Task requirements: Write an exact copy of the entries below that leaves out all pictures.

Supplied records:
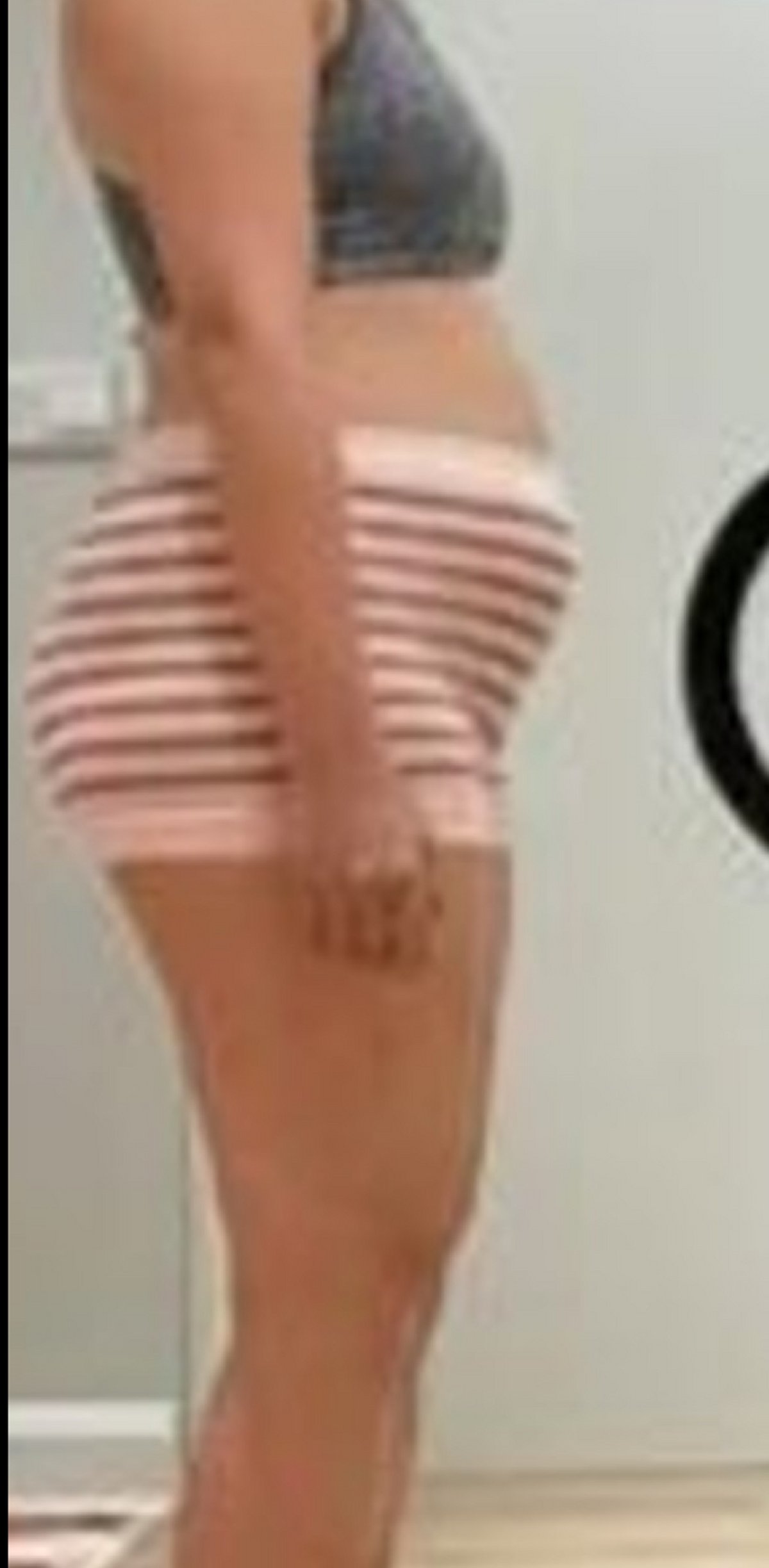 Before transformation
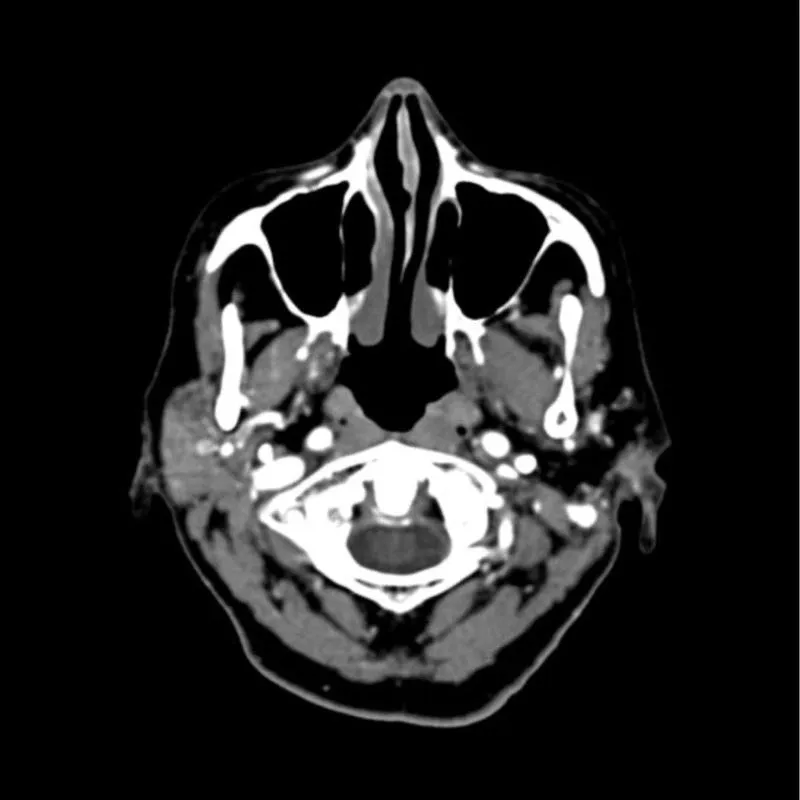Head Phantom - CTA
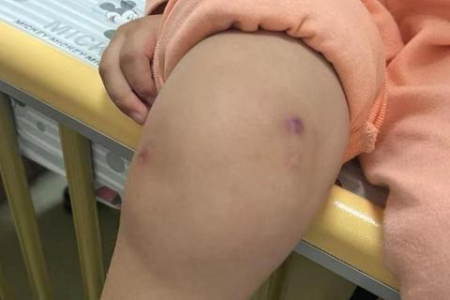 自己在家怎么处理骨科脚扭伤？哪些情况需要去医院？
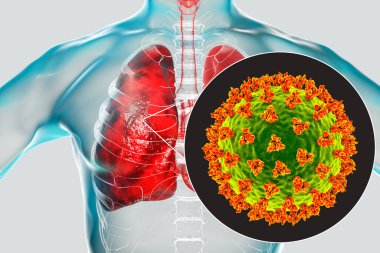 İnsan ciğerlerindeki SARS-CoV-2 virüsleri COVID-19 'a neden oluyor. Roman Coronavirus enfeksiyonu, 3 boyutlu illüstrasyon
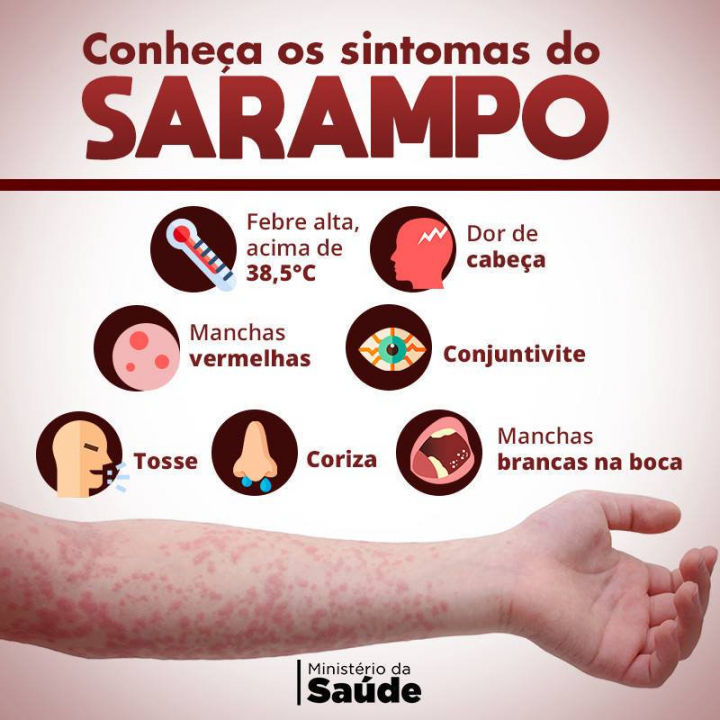 Entenda como o sarampo pode levar à morte | Jovem Pan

Response box:
 Before transformation
Head Phantom - CTA
 自己在家怎么处理骨科脚扭伤？哪些情况需要去医院？
 İnsan ciğerlerindeki SARS-CoV-2 virüsleri COVID-19 'a neden oluyor. Roman Coronavirus enfeksiyonu, 3 boyutlu illüstrasyon
 Entenda como o sarampo pode levar à morte | Jovem Pan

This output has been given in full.